(Brief descriptive captions)
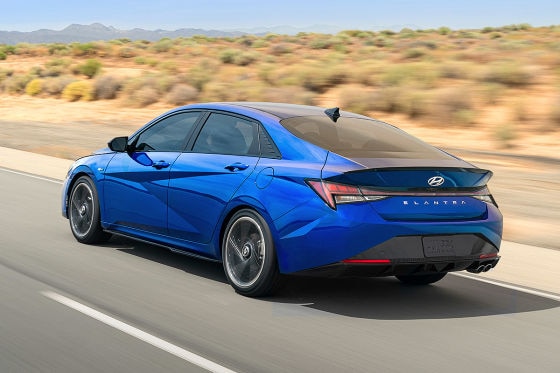 Hyundai präsentiert den Elantra als sportliches N Line-Modell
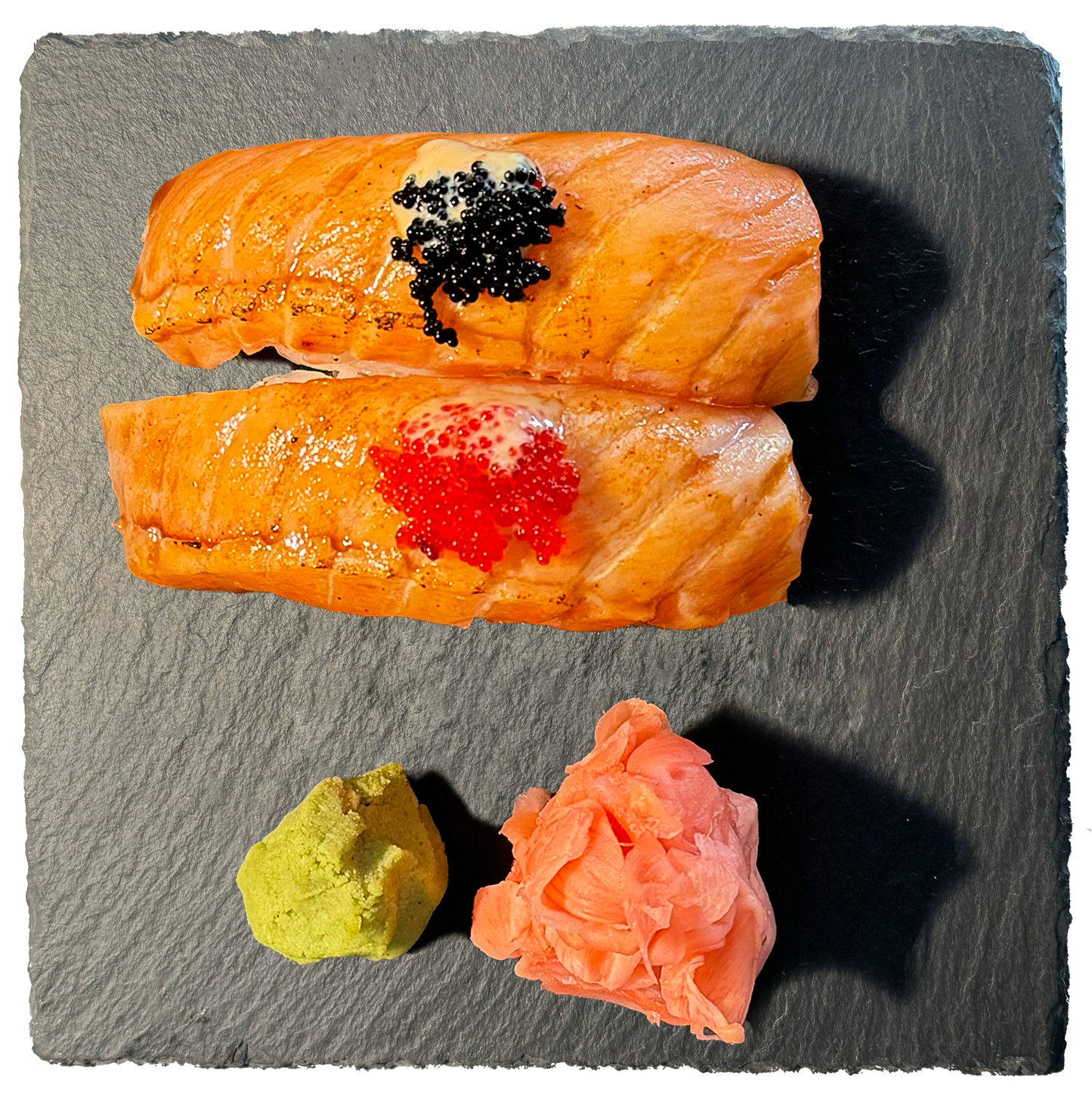 NIGIRI CRISPY SALMON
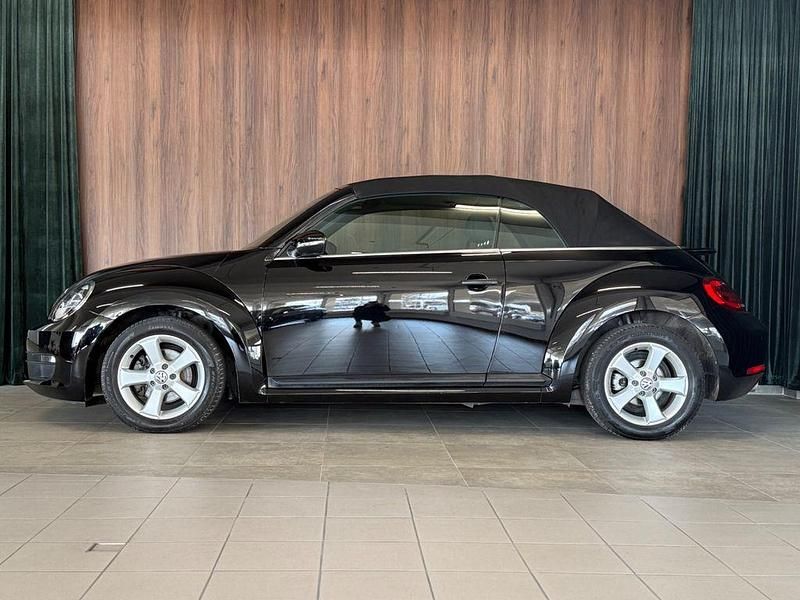 Gebraucht VW Beetle S 105 PS (77 kW) 2016 Schwarz Kleinwagen
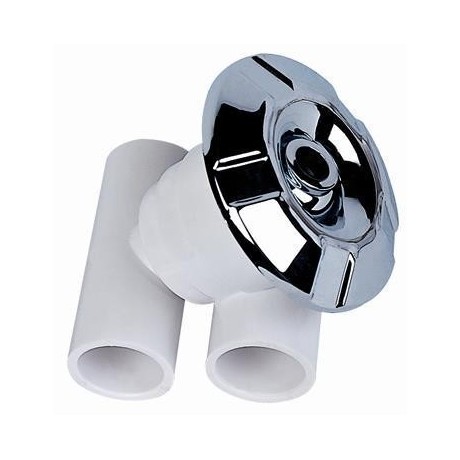 Mikrotryska chromovaná 3/4"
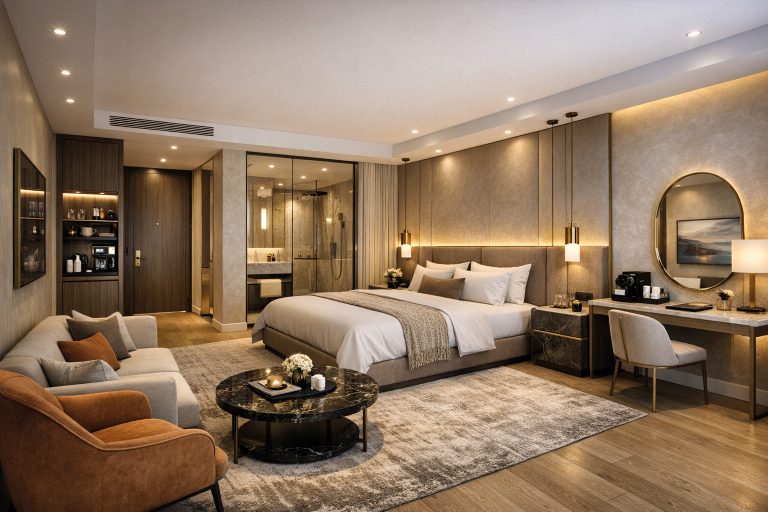 Otel ve Konaklama Tesisi Projeleri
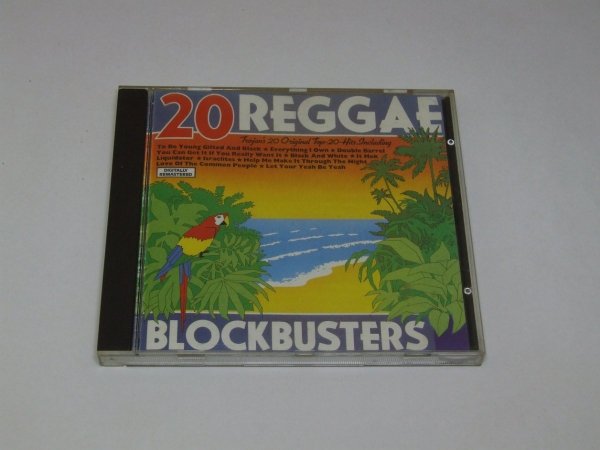 20 Reggae Blockbusters (CD)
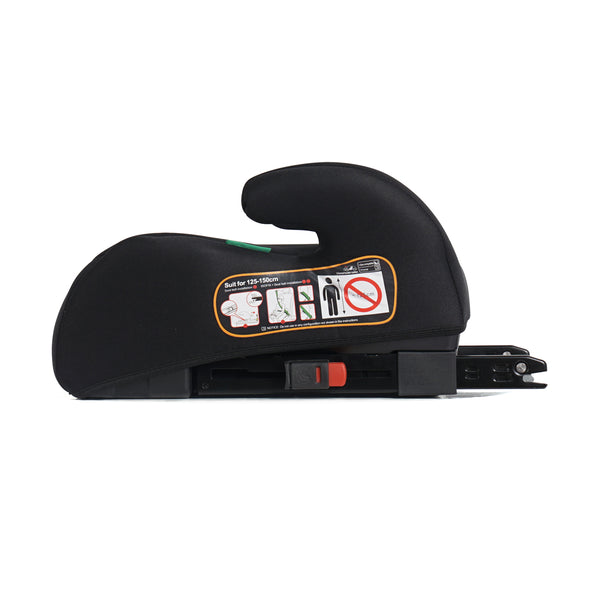 For Your Little One UpGo ISOFIX Booster Seat - Midnight Black (6-12 Years)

#### [TASK DESCRIPTION]
Each line from the one containing "Gebraucht VW Beetle" through the end of the records above is to be retyped exactly, with the pictures omitted and nothing added.

#### [ANSWER AREA]
 Gebraucht VW Beetle S 105 PS (77 kW) 2016 Schwarz Kleinwagen
 Mikrotryska chromovaná 3/4"
 Otel ve Konaklama Tesisi Projeleri
 20 Reggae Blockbusters (CD)
 For Your Little One UpGo ISOFIX Booster Seat - Midnight Black (6-12 Years)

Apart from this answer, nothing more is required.